With the ABC overview in mind:
The prospect of a term sheet from a potential buyer may influence whether our hypothetical company should choose an ABC or another approach. Some buyers will refuse to purchase assets outside of a Chapter 11 bankruptcy or a Chapter 7 case. Others are comfortable with the ABC process and believe it provides an added level of protection from fraudulent transfer claims compared to purchasing the assets directly from the insolvent company.
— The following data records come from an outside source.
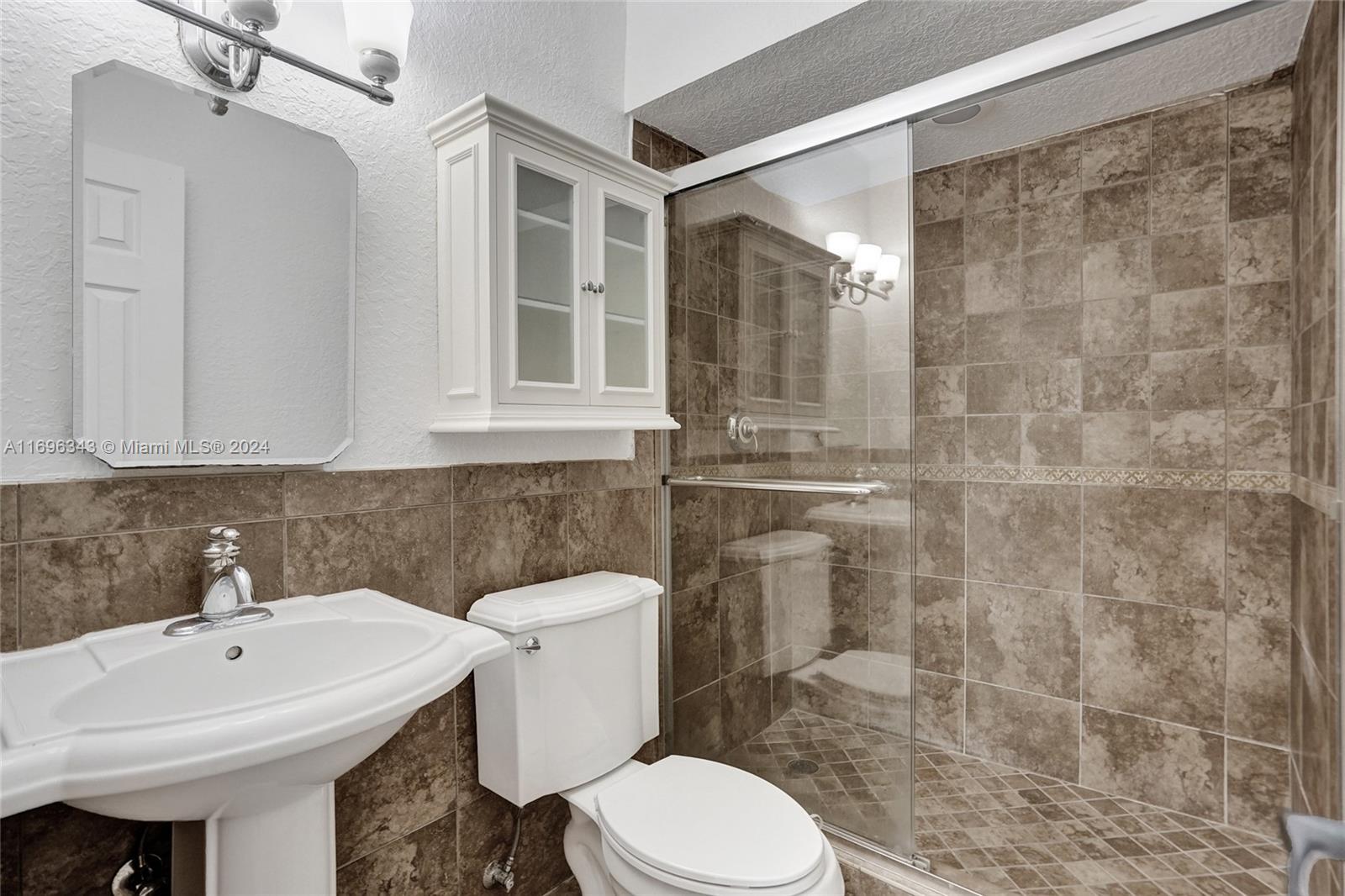 RIVER MANOR CONDO - Residential Lease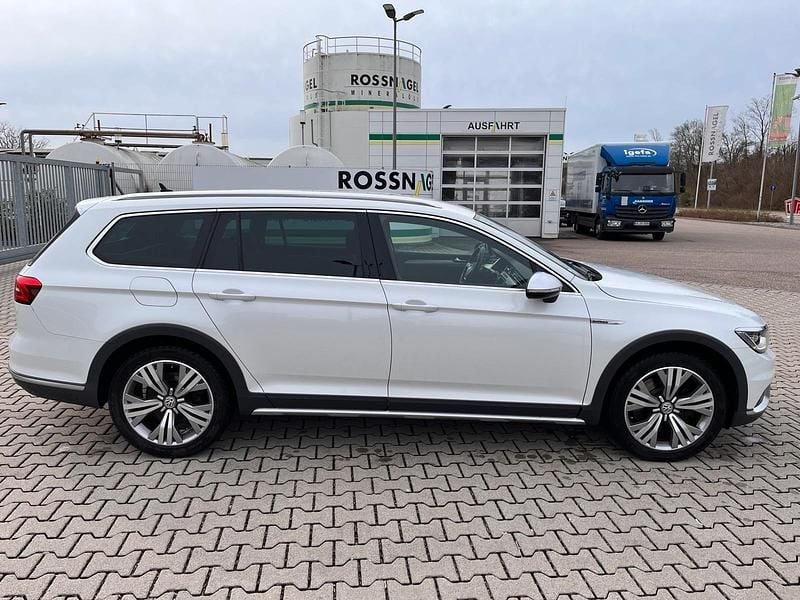 Gebraucht VW Passat Alltrack 230 PS (169 kW) 2017 Weiß Kombi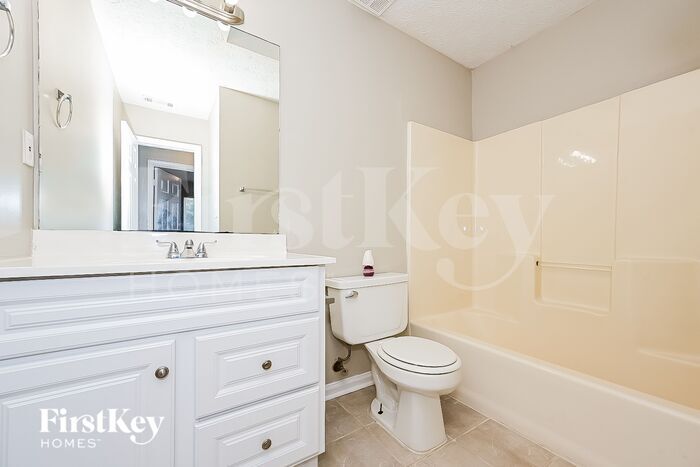 Building Photo - 646 Woodknoll Ct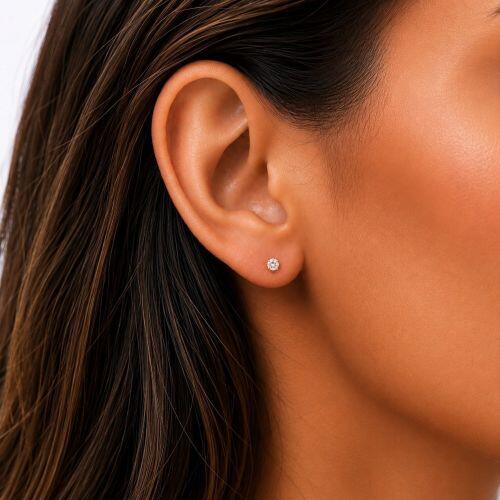 Brinco Ponto de Luz Redondo 0.3cm com Zirc�nias Banhado em Ouro18k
Depending on the value to be generated by a sale, these considerations may lead the company to select one approach over the other available options.
The Asset Sale
In California where no court approval is required for a sale, the ABC can mean a much faster closing -- often within a day or two of the ABC itself provided that the assignee has had time to perform due diligence on the sale and any alternatives -- instead of the more typical 30-60 days required for bankruptcy court approval of a Section 363 sale. Given the speed at which they can be done, in the right situation an ABC can permit a "going concern" sale to be achieved.
Secured creditors with liens against the assets to be sold will either need to be paid off through the sale or will have to consent to release their liens; forced "free and clear" sales generally are not possible in an ABC. Unsecured creditor claims are behind secured and priority claims, as in bankruptcy.
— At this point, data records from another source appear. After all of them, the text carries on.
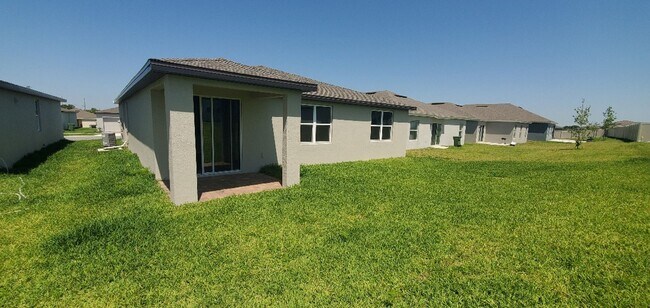 Building Photo - 4-Bedroom, 2.-Bathroom in Winter Haven ***MOVE-IN SPECIAL/50% OFF 2ND MONTH***
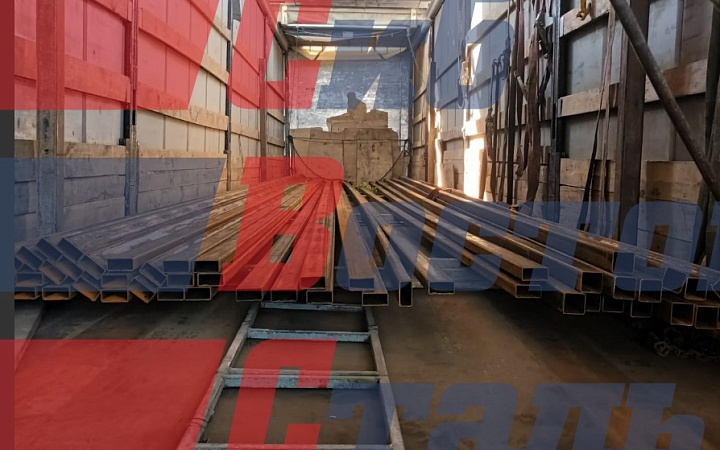 Труба 60х60х3мм (12м) Труба 80х40х3мм (12м)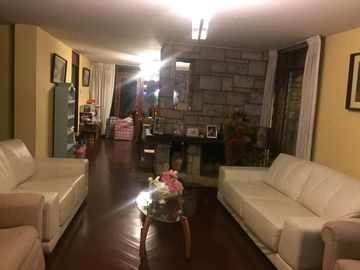 VENTA DE CASA AMPLIA Y MODERNA, 389 M2, 5 DORM, 4 BAÑOS, 4 COCHERAS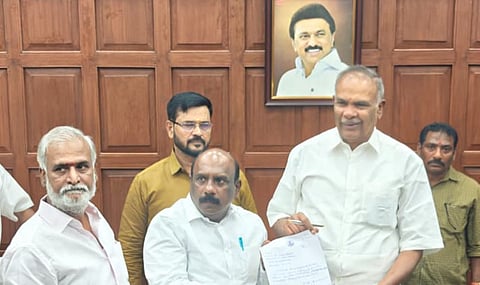 Expelled AIADMK legislator from Alangulam, P H Manoj Pandian, formally joined the DMK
If the buyer decides to take the real property lease, the landlord will need to consent to the lease assignment. Unlike bankruptcy, the ABC process generally cannot force a landlord or other third party to accept assignment of a lease or executory contract. If the buyer decides not to take the lease, or no sale occurs, the fact that only nine months remains on the lease means that this company would not benefit from bankruptcy's cap on landlord claims. If the company's lease had years remaining, and if the landlord were unwilling to agree to a lease termination approximating the result under bankruptcy's landlord claim cap, the company would need to consider whether a bankruptcy filing was necessary to avoid substantial dilution to other unsecured creditor claims that a large, uncapped landlord claim would produce in an ABC.
The Deal Falls Through
If the potential buyer walks away, the assignee is responsible for determining whether a sale of all or a part of the assets was still possible. In any event, assets would be liquidated by the assignee to the extent feasible and any proceeds would be distributed to creditors in order of their priority through the ABC's claims process.